■ Data provided:
□ □ □ □ □
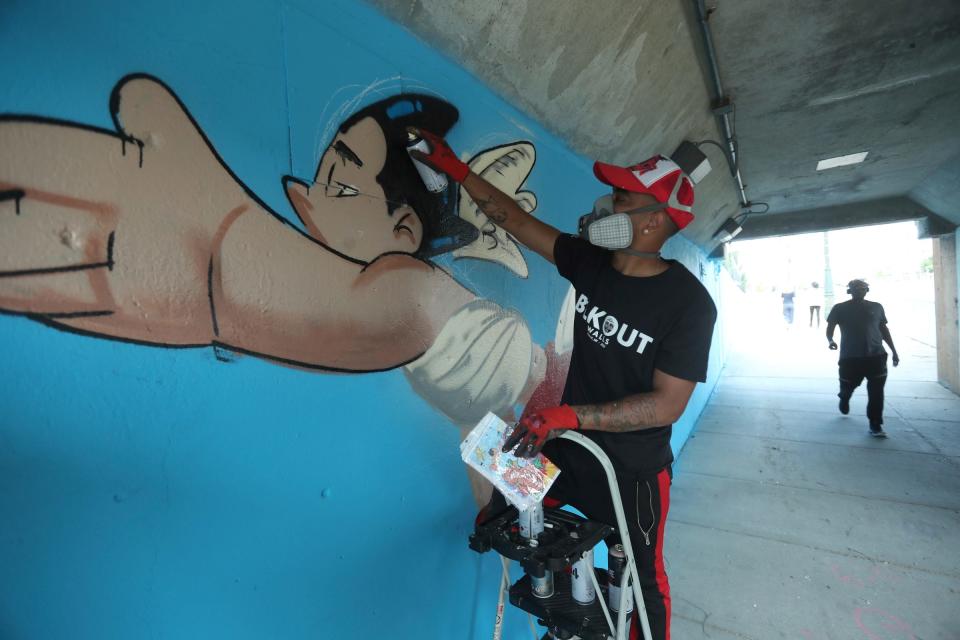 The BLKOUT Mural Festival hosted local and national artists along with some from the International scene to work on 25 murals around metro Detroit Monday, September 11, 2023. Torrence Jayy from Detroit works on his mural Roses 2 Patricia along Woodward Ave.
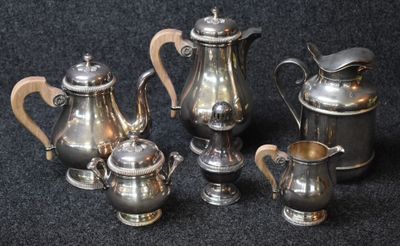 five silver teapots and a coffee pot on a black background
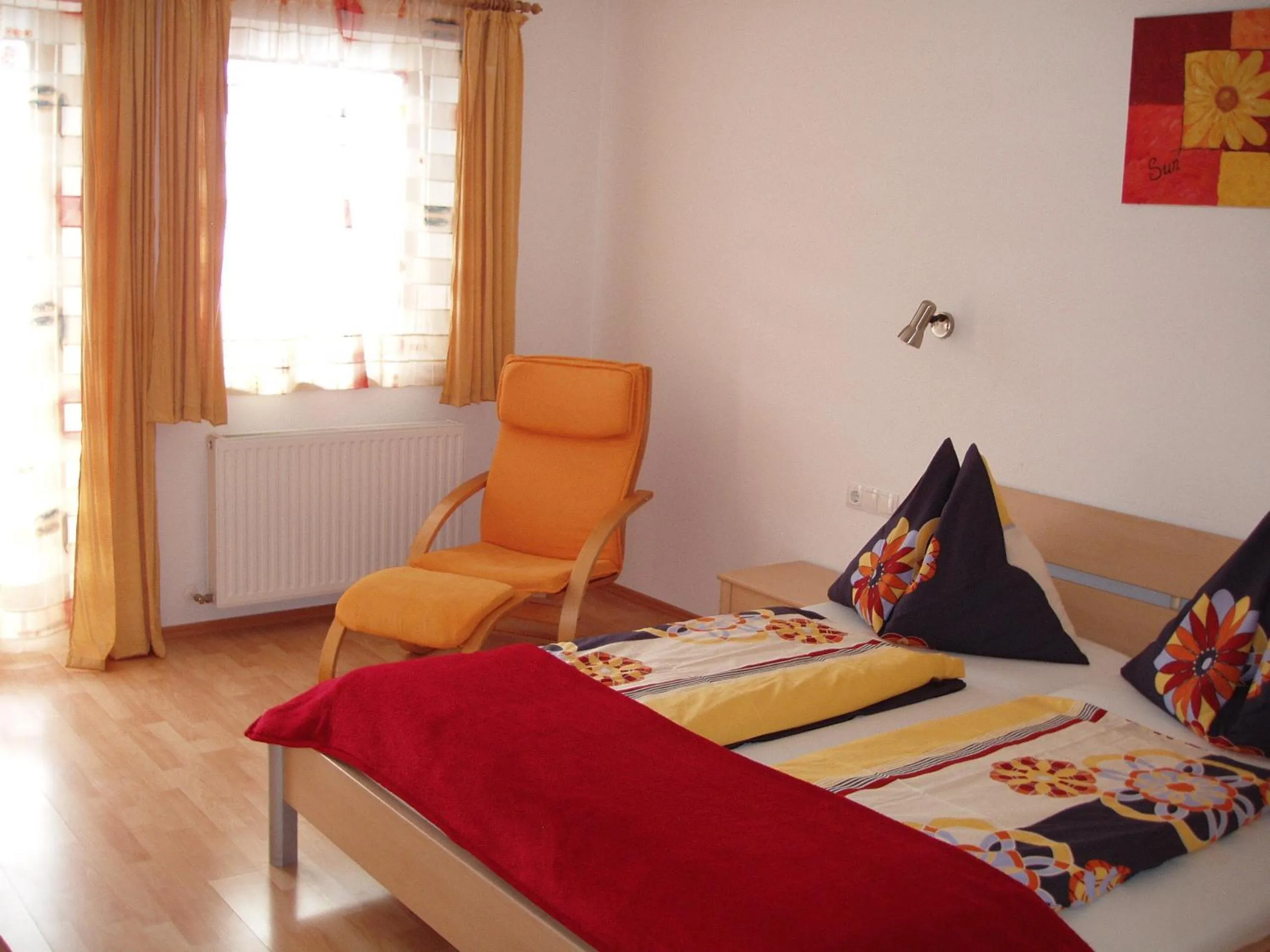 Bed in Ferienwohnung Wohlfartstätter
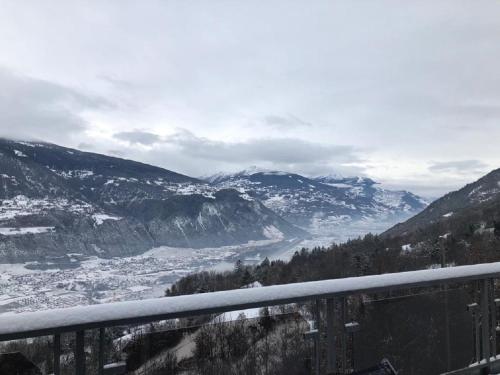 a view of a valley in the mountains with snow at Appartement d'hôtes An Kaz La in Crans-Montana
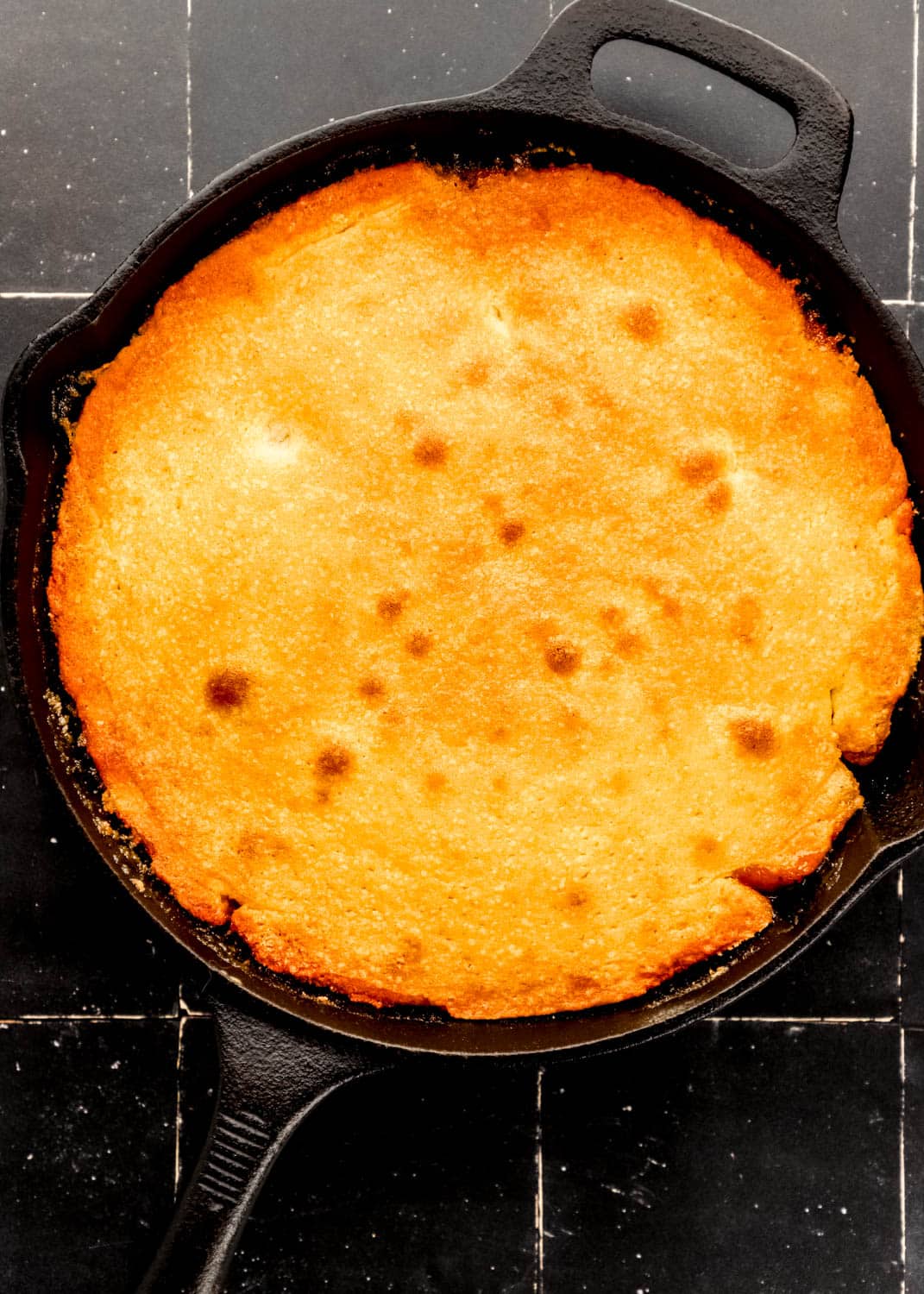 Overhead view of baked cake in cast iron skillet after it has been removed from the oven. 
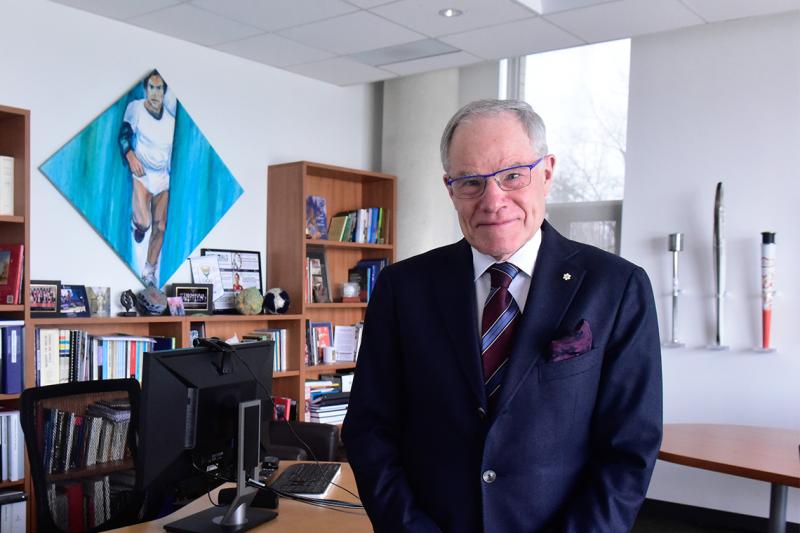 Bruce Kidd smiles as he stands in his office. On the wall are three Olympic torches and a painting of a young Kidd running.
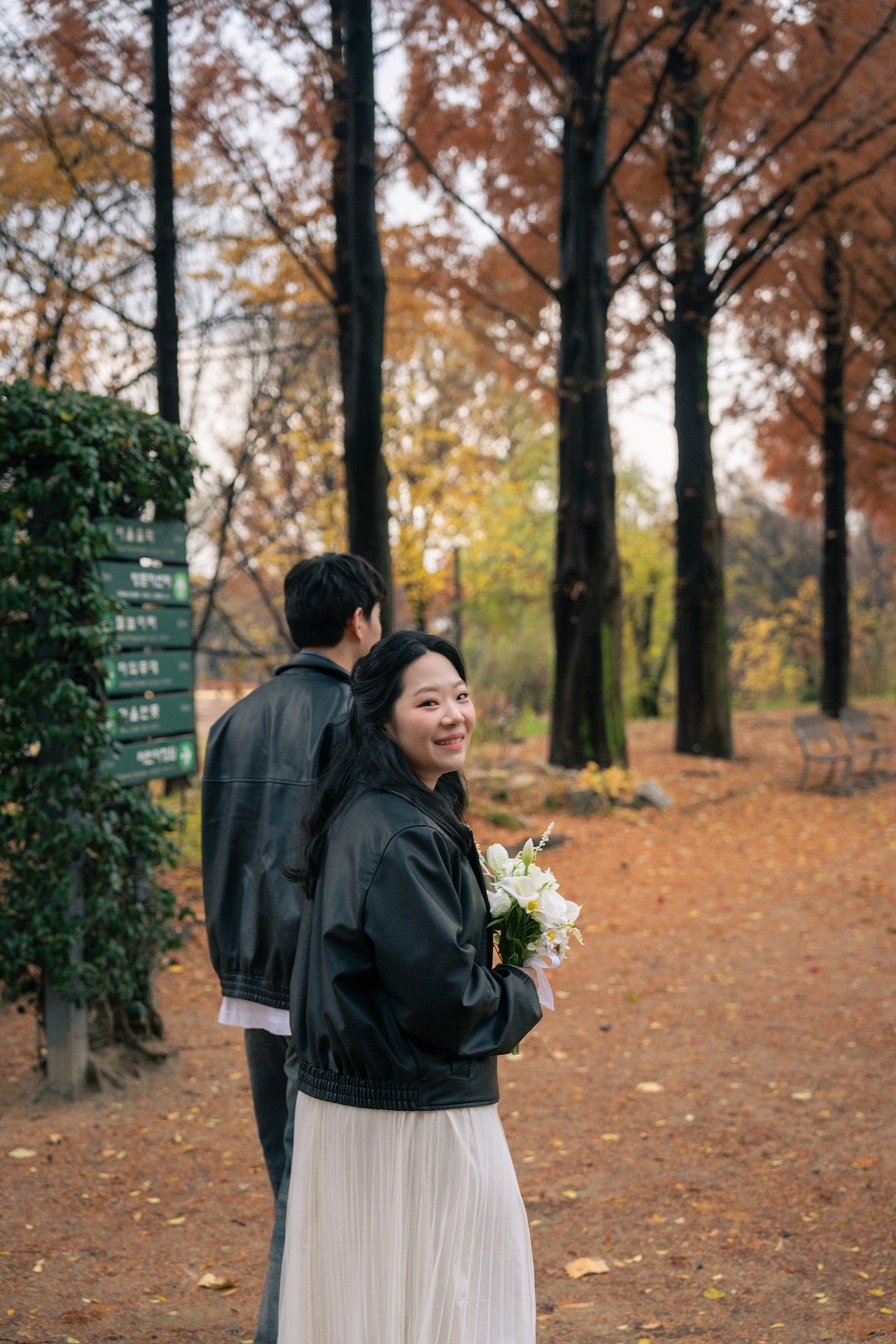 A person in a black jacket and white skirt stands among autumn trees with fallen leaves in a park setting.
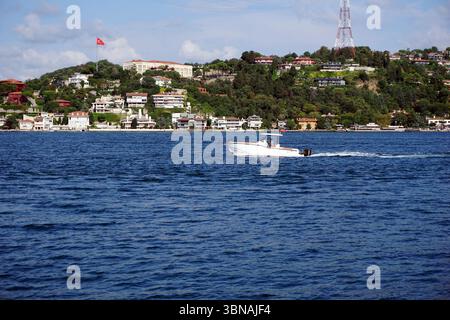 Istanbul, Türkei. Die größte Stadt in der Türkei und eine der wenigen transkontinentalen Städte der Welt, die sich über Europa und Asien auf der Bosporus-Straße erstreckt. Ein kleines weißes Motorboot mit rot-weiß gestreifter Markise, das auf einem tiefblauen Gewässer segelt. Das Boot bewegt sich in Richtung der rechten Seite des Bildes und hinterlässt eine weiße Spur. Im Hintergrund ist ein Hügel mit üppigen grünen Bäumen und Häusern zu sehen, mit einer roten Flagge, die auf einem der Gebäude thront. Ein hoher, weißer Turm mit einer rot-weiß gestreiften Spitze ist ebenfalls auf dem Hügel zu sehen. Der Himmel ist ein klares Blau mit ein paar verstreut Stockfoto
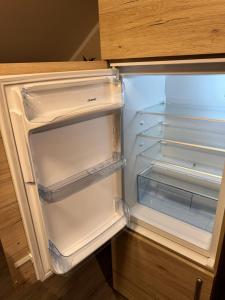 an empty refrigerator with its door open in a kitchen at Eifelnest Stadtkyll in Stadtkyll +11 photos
□ □ □ □ □
■ Task prompt: In the data above, start at the line holding "Bruce Kidd smiles" and stop after the line holding "A person in"; write out those lines exactly, without pictures.

■ Exercise result:
 Bruce Kidd smiles as he stands in his office. On the wall are three Olympic torches and a painting of a young Kidd running.
 A person in a black jacket and white skirt stands among autumn trees with fallen leaves in a park setting.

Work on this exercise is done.